Todavía, antes de que acabe el segundo
capítulo y, con él, el prólogo del libro, nos encontramos con una vuelta de
rosca más. Cuando parece que nada puede ir a peor… el Maligno va y lo propone:
«Extiende tu mano contra él y tócalo en sus huesos y en su carne: ¡seguro que
te maldecirá en la cara!» (2, 5).
Ahora yo no solo ha de luchar contra el
peligro de que su naturaleza caída se rebele contra Dios, sino que también lo
tendrá que hacer contra los malos consejos de su mujer: «¿Todavía vas a
mantenerte firme en tu integridad? Maldice a Dios y muere de una vez» (2, 9). Y
lo hace con una razonada fidelidad:
«Si aceptamos de Dios lo bueno, ¿no aceptaremos también lo malo?» (2, 10).
Todo este cuadro de paisaje desolador,
de desierto inhabitable, tiene su oasis de gracia: la actitud de fidelidad de
Job. Ello me hace pensar en un tema que me parece muy importante teológica,
espiritual y pastoralmente: la espiritualidad de la aceptación. Mientras las
cosas les van mal a los demás, les animamos con consejos que, después, si nos
va mal a nosotros, no nos los aplicamos. De alguna manera, podríamos decir que
pedimos a los demás que acepten lo que nosotros no estamos dispuestos a
aceptar.
Aparecen en escena los amigos de Job,
que de inicio le acompañan en silencio y escuchan su lamento de dolor profundo:
«¡No tengo calma, ni tranquilidad, ni sosiego, sólo una constante agitación!»
(3, 26). La cuestión es que en ese grito de dolor del justo maltratado «injustamente»
yo oigo las palabras de Jesús en Getsemaní: «Si es posible que pase de mí este
cáliz…» (Lc 22, 42). Y con Jesús y con Job oigo el lamento de tanto sufrimiento
en el mundo: niñas prostituidas, niños soldados, indios del Amazonas a los que
les roban su tierra, personas de raza negra a los que se les trata como
animales, pobres que malviven recogiendo basura en los vertederos donde,
además, viven, duermen y respiran. La lista es tan larga…
De entre los amigos, el primero que
toma la palabra es Elifaz de Temán, para hacer una pregunta incisiva: «¿Acaso
tu piedad no te infunde confianza y tu vida íntegra no te da esperanza?» (4, 6).
Perdón de antemano por la expresión que me sale del alma, por mucho que sea muy
poco académica: ¡Uaaaaauuuuu! ¡Vaya preguntita! El amigo dispara a dar.

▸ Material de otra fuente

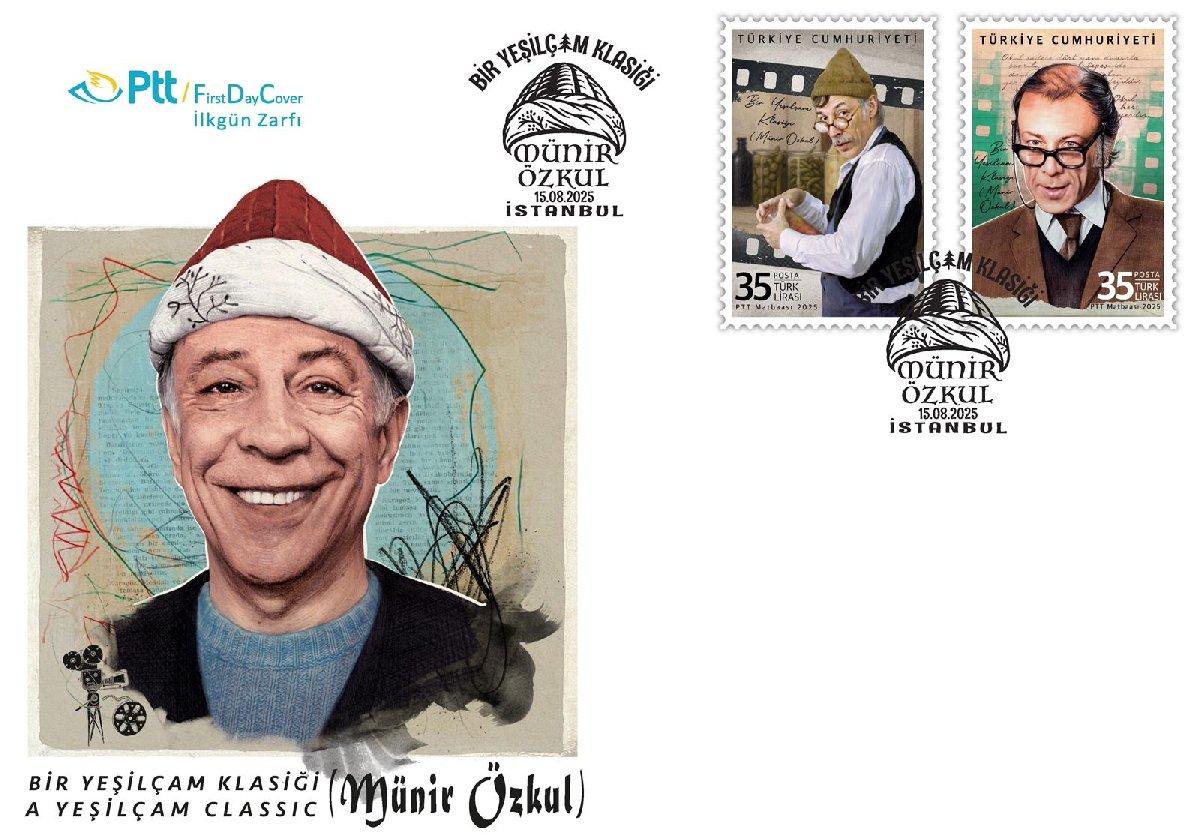 PTT’den Münir Özkul’a saygı: "Bir Yeşilçam Klasiği" konulu anma pulları tedavülde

Imposible evitar el impacto. Es, definitivamente, una llamada a una fidelidad
coherente. Porque, como nos dice Jesús, «si la sal se desvirtúa», ¿quién será
la sal del mundo?
Y a continuación sigue con un discurso
que empieza con estas preciosas palabras que contienen una brillante idea: «Yo,
por mi parte, buscaría a Dios, a él le expondría mi causa» (5, 8).
Conforme voy leyendo el discurso
tengo la sensación que la letra y música me suenan. Expresiones como: «Él
realiza obras grandes e inescrutables, maravillas que no se pueden enumerar»
(5, 9); «Pone a los humildes en las alturas y los afligidos alcanzan la
salvación» (5, 11); «Hace fracasar los proyectos de los astutos para que no
prospere el trabajo de sus manos» (5, 12); «Sorprende a los sabios en su
propia astucia y el plan de los malvados se deshace rápidamente» (5, 13). Me
parece estar escuchando una versión muy cercana al Magnificat.